Mónica Zuleta Díaz, MAPFRE’s Group Head of Sustainability, outlines the specific steps the firm took when developing its sustainability framework and how barriers were broken down
Sara Benwell posted on Monday, March 08, 2021
Sara Benwell: How important is having a CSR framework for (re)insurance firms?
Mónica Zuleta Díaz: It is very important. Insurance has strong social value. Many of the social, personal and business activities of individuals and companies require insurance.
The work of insurance companies is essential to sustaining economic activity. Insurance helps consolidate the welfare state, and the insurance activity plays a very important role as an engine for economic development and social cohesion.
MAPFRE is a committed company that is concerned about its social footprint and fosters economic and social development in the countries in which it operates.
"Many of the social, personal and business activities of individuals and companies require insurance."
We believe that business development also entails a demanding social, environmental and governance commitment to protect the legacy handed down to future generations.
Social responsibility has been part of the company for many years (it was first introduced in a MAPFRE Board meeting as early as 1965), and this responsibility has been embodied, since 2019, in a Sustainability Plan that sets the company's roadmap in aspects related to the environment, social and corporate governance.
In addition, we support the United Nations 2030 Agenda for Sustainable Development.
Sara: What are the critical steps in setting up such a framework?
Monica: Building a better, fairer, safer, more equal, more prosperous world is what sustainability is all about and is what MAPFRE aims to achieve with our Sustainability Plan #playingourpart - a concept targeting people and based on deeds and actions.
It revolves around what each one of us can do, those thousands of small gestures that contribute to the common goal of protecting the planet and building a better today and tomorrow for everyone.
For this framework we consider three main steps. It is essential to:
Define plans to continue advancing in the sustainability and business integration of all ESG aspects, finding the right balance in the attention and response to all stakeholders.
Promote the participation of all those involved in the process for the definition of critical aspects for the organization and stakeholders.
Understand our impact on society and identify opportunities for sustainable development to continue generating value.

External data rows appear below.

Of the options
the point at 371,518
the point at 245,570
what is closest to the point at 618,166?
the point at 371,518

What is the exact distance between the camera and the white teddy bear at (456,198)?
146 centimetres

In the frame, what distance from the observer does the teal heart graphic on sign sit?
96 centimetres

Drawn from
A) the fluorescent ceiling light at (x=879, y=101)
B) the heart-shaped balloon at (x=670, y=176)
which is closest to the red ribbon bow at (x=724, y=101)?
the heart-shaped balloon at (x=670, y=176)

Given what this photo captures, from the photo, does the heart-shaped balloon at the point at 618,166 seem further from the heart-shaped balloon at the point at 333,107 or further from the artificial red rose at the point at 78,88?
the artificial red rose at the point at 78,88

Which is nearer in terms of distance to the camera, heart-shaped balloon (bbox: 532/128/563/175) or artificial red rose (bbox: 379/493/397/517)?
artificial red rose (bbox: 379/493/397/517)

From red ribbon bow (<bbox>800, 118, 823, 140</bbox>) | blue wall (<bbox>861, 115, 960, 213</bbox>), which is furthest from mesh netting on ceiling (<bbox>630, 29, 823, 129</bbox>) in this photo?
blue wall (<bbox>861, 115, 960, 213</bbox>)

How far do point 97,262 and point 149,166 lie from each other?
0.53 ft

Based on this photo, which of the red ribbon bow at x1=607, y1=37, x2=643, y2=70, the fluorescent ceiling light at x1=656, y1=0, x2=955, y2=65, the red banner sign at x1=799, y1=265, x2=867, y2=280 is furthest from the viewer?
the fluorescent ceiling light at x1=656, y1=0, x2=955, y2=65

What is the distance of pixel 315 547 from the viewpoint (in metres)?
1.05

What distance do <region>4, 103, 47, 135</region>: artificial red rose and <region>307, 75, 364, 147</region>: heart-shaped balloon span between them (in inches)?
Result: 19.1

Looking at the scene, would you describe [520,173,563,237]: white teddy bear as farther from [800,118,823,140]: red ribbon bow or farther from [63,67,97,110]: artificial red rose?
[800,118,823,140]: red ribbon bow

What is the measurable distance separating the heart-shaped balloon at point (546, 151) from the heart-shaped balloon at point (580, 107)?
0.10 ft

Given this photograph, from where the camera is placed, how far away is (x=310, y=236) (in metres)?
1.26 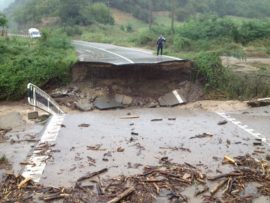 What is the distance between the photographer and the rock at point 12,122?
46.4 feet

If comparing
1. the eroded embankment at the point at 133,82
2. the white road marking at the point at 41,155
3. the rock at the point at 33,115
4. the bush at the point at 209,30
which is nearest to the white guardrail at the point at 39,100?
the rock at the point at 33,115

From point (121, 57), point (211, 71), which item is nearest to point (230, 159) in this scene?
point (211, 71)

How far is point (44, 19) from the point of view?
75062 millimetres

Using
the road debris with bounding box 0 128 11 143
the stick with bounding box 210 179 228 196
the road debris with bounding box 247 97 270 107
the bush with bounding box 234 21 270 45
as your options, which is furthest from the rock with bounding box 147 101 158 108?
the bush with bounding box 234 21 270 45

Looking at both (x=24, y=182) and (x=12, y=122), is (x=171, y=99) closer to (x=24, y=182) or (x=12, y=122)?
(x=12, y=122)

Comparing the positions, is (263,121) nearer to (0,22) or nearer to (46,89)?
(46,89)

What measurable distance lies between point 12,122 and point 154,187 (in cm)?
773

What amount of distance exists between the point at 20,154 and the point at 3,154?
1.40ft

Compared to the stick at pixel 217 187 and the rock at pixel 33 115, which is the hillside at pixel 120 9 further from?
the stick at pixel 217 187

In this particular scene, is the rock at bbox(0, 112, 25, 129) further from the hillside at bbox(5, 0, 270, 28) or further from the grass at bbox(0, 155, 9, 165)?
the hillside at bbox(5, 0, 270, 28)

Sara: What were some of the barriers or challenges you faced and how did you overcome these?
The challenges were very broad, but I would highlight the following:
Firstly, there is the need for measurement of the impact of social actions. For this we are working on the development of internal methodologies that measure the impact of our social footprint.
Then there is the challenge of working to support the needs of citizens in the digital age as they become more aware of the impact of their actions and their contribution to sustainable development.
"We are integrating ESG risks in the value chain, working together with providers of benefits and services"
Here we are developing products and services that respond to new insurance needs and how they contribute to the preservation of the environment and the economic and social development of the planet.
Likewise, we are working with Governments to support the development of SMEs. An example of this is the agreement that MAPFRE has recently signed with the Spanish Chamber of Commerce to provide SMEs with advice, training, technological support and information, with the aim of improving the competitiveness and sustainability of the business fabric of Spain.
We are also integrating ESG risks in the value chain, working together with providers of benefits and services to ensure ESG is central to their processes.
How is the framework changing things for you as an insurance business?
The development of ESG principles is an opportunity for the insurance business.
Companies in the sector are adapting their business models to respond to the demands of sustainable development.
At MAPFRE, we are supporting our clients, suppliers and collaborators in the process of transition towards a more sustainable business model and we have also publicly committed to objectives, which show the company's commitment to sustainability. These objective include:
45% of vacancies in positions of responsibility filled by women.
Incorporate and integrate people with disabilities in our workforce so they represent at least 3% of it.
All the operations of MAPFRE companies based in Spain and Portugal will be carbon neutral by 2021, which will mean the neutralization of 61 percent of the Group's total footprint worldwide.
In addition, we have advanced our public commitment on emissions neutrality to make MAPFRE a carbon-neutral company globally by 2030.
We no longer invest in electricity companies that earn over 30 percent of their revenue from coal-based energy.
And we do not insure the construction of new coal-powered power stations or new coal mining operations.
What are the next steps for MAPFRE on CSR / ESG?
It is impossible to grow a sustainable business without regard to the company's social footprint.
MAPFRE will never be relevant or successful in the long-term unless we care for people's well-being. It is a socially responsible business group and is committed to the environment, clients, and society.
MAPFRE will never be relevant or successful in the long-term unless we care for people's well-being.
We plan to keep reinforcing the integration of sustainability concepts in the organisation's culture, in business processes and in the generation of actions that contribute to the development of a more inclusive and equitable society.